By Boxing Day that number had risen to 116, 98 in Wye River and 18 in Separation Creek, or Sep as the locals call it.  I would wait over 24 hours before hearing that my house had miraculously survived, while others on the same street, more exposed to the bush, had burnt.  Other home owners would wait longer to hear the fate of their homes.  Twitter hashtags #vicfires and #wyereiver both a blessing, the source of unofficial confirmation, and a cause of more stomach lurching: one tweet from a local, 'Riverside got hit hard'.

During the days after the fire I spent an obsessive amount of time on my phone.  While mobile technology has gifted us with applications that literally save lives, that same technology has hatched a fixation in times of crisis on a live stream of comment, photographs and videos, calling out for own raw contributions to the feed.  TV seems, and is, staged in comparison.  My neighbour posted a photo on Instagram of his house on Christmas Day with the fire clearly visible over the rooftop; someone took a photo from the inside of their car as they left Wye with the fire closing in on Separation Creek, a dog's face in the passenger seat oddly reassuring; and Mashable Australia helpfully compiled some of the Christmas Day social media activity on one page.
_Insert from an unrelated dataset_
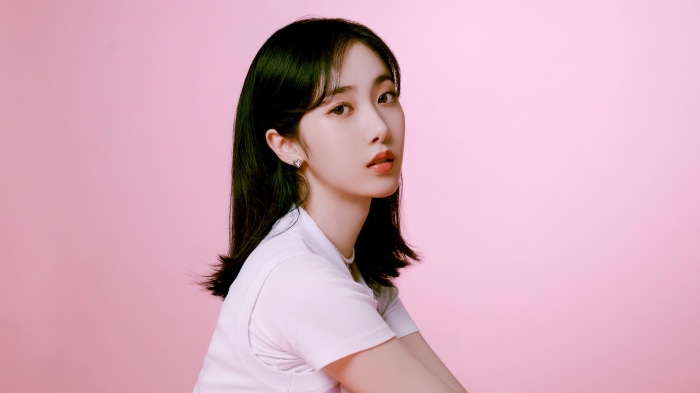 SinB from Viviz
The most important, and the most astounding outcome of the Christmas Day fire was that no one lost their lives.  There was no better news than that.  The house I've owned for less than a year and the first house I've ever purchased, made it.  I have cherished memories of the times I've spent at Wye River: the view from my deck 2 weeks before the fire; our dog Nero passed out in the sun on that deck;  a family lunch the last time we were all together at Wye in October; a drawing of the 'Wye Beastie', a whimsical offering from a friend, now framed and hanging in the spare room.
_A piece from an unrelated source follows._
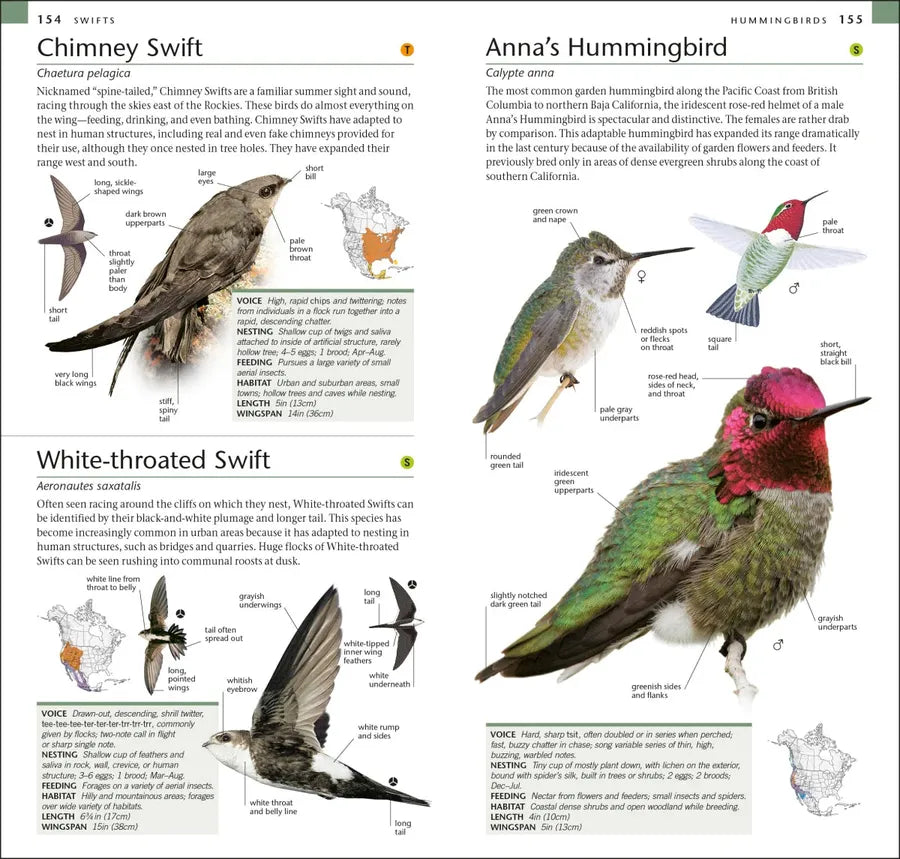 AMNH Pocket Birds of North America Western Region US - Paperback / softback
A house is more than its contents, a house brims with memories, with the times we've spent in it with family and friends.  In the ten months I've owned that house I've shared it with loved ones and holiday renters I've never met.   The previous owner who owned the property for 19 years asked me to look after 'her'.  Her.  As a Buddhist I had to remind myself as this tragedy unfolded, that this was a perfect example of attachment playing out.  But there is little relief in acknowledging that in a time of crisis, or in its aftermath.  Our attachment to home, to place, runs deep and quick.